Merah ou le théorème d’incomplétude
Quand j’ai travaillé sur mon mémoire sur le droit pénal international, j’ai eu à parcourir les minutes des procès de Nuremberg et de Tokyo, lire les entretiens qu’ont donnés certains tortionnaires de l’armée français en Algérie, visiter des sites internet qui relataient les massacres de l’armée américaine au Vietnam (notamment celui de Mỹ Lai en mars 1968). L’étudiant de demain qui devra faire sa thèse sur le terrorisme par exemple, qui aura l’imprudence d’aller sur des sites djihadistes pour nourrir son travail de recherche, sera susceptible de tomber sous le coup de la loi, du moins est-ce le souhait qu’a formulé Nicolas Sarkozy au lendemain de la mort de Mohamed Merah.
Non seulement une telle loi serait le parangon d’une loi liberticide, mais en plus, cela aura l’effet inverse du but recherché. En effet, l’interdit, c’est un cliché de le dire mais il n’en demeure pas moins vrai, est fait pour attirer. Le citoyen se demandera tôt ou tard ce que recèlent ces sites pour qu’on le leur interdise l’accès. Quel secret abritent-ils donc ? Ils doivent détenir une vérité bien dangereuse pour que le gouvernement veuille à ce point en pénaliser la consultation.
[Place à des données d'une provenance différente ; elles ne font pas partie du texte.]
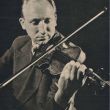 1950: Krebbers speelt het tweede deel uit het vioolconcert in e van Mendelssohn. Foto De Spiegel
La liberté d’expression n’est pas une chose qui peut être en demi-teinte. Elle n’a de sens que si elle est totale et sans aucune entrave. John Milton écrivait dans son Areopagitica : « Donnez-moi la liberté de savoir, de proférer, de débattre librement selon ma conscience, au-dessus de toute autre liberté ». C’était en 1644. Près de 400 ans plus tard, la liberté d’expression, y compris dans les nations occidentales qui en font un aussi grand cas, est loin d’être acquise, quitte à infantiliser la population. Les sites des néo-conservateurs américains, qui ont appelé à une guerre contre l’Irak (guerre illégale selon le droit international) ou qui incitent à une guerre contre l’Iran, ont droit de cité. Et heureusement. Pourtant, les effets sont bien plus désastreux que les discours de quelques excités du Coran. Mais l’islam est un épouvantail que l’on aime agiter en temps de périodes électorales. Pourquoi serait-on en droit d’appeler à la guerre contre l’Orient mais pas à celle contre l’Occident ?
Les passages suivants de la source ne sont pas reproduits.